🤖 AI Summary
Traditional travel search engines rely on structured inputs and struggle to support hotel retrieval via natural language queries.
Method: This paper proposes a domain-specific multimodal dense retrieval model for travel. It introduces (1) a novel three-task joint optimization framework tailored to the travel domain; (2) an asymmetric cross-modal retrieval architecture that synergizes a small language model (for online query encoding) with a large language model (for offline hotel representation); and (3) full-gallery-level image feature aggregation and alignment.
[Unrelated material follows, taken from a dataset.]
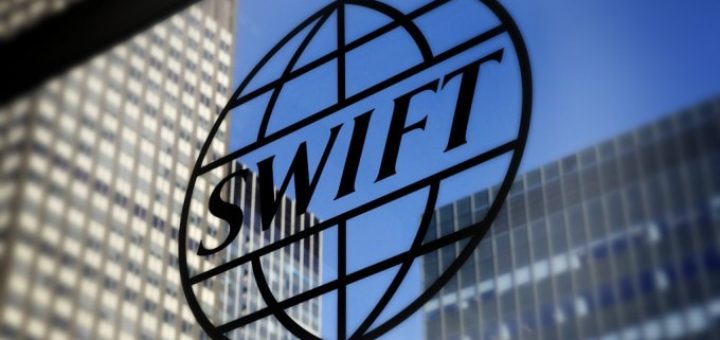 Катастрофа банков под вопросом: отключат ли Россию от SWIFT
Results: Evaluated on four benchmark datasets, the model achieves Recall@10 of 0.681 on primary query types—outperforming the state-of-the-art MARVEL by 12.9% and significantly surpassing baselines such as VISTA.
📝 Abstract
We present HotelMatch-LLM, a multimodal dense retrieval model for the travel domain that enables natural language property search, addressing the limitations of traditional travel search engines which require users to start with a destination and editing search parameters. HotelMatch-LLM features three key innovations: (1) Domain-specific multi-task optimization with three novel retrieval, visual, and language modeling objectives; (2) Asymmetrical dense retrieval architecture combining a small language model (SLM) for efficient online query processing and a large language model (LLM) for embedding hotel data; and (3) Extensive image processing to handle all property image galleries. Experiments on four diverse test sets show HotelMatch-LLM significantly outperforms state-of-the-art models, including VISTA and MARVEL. Specifically, on the test set -- main query type -- we achieve 0.681 for HotelMatch-LLM compared to 0.603 for the most effective baseline, MARVEL. Our analysis highlights the impact of our multi-task optimization, the generalizability of HotelMatch-LLM across LLM architectures, and its scalability for processing large image galleries.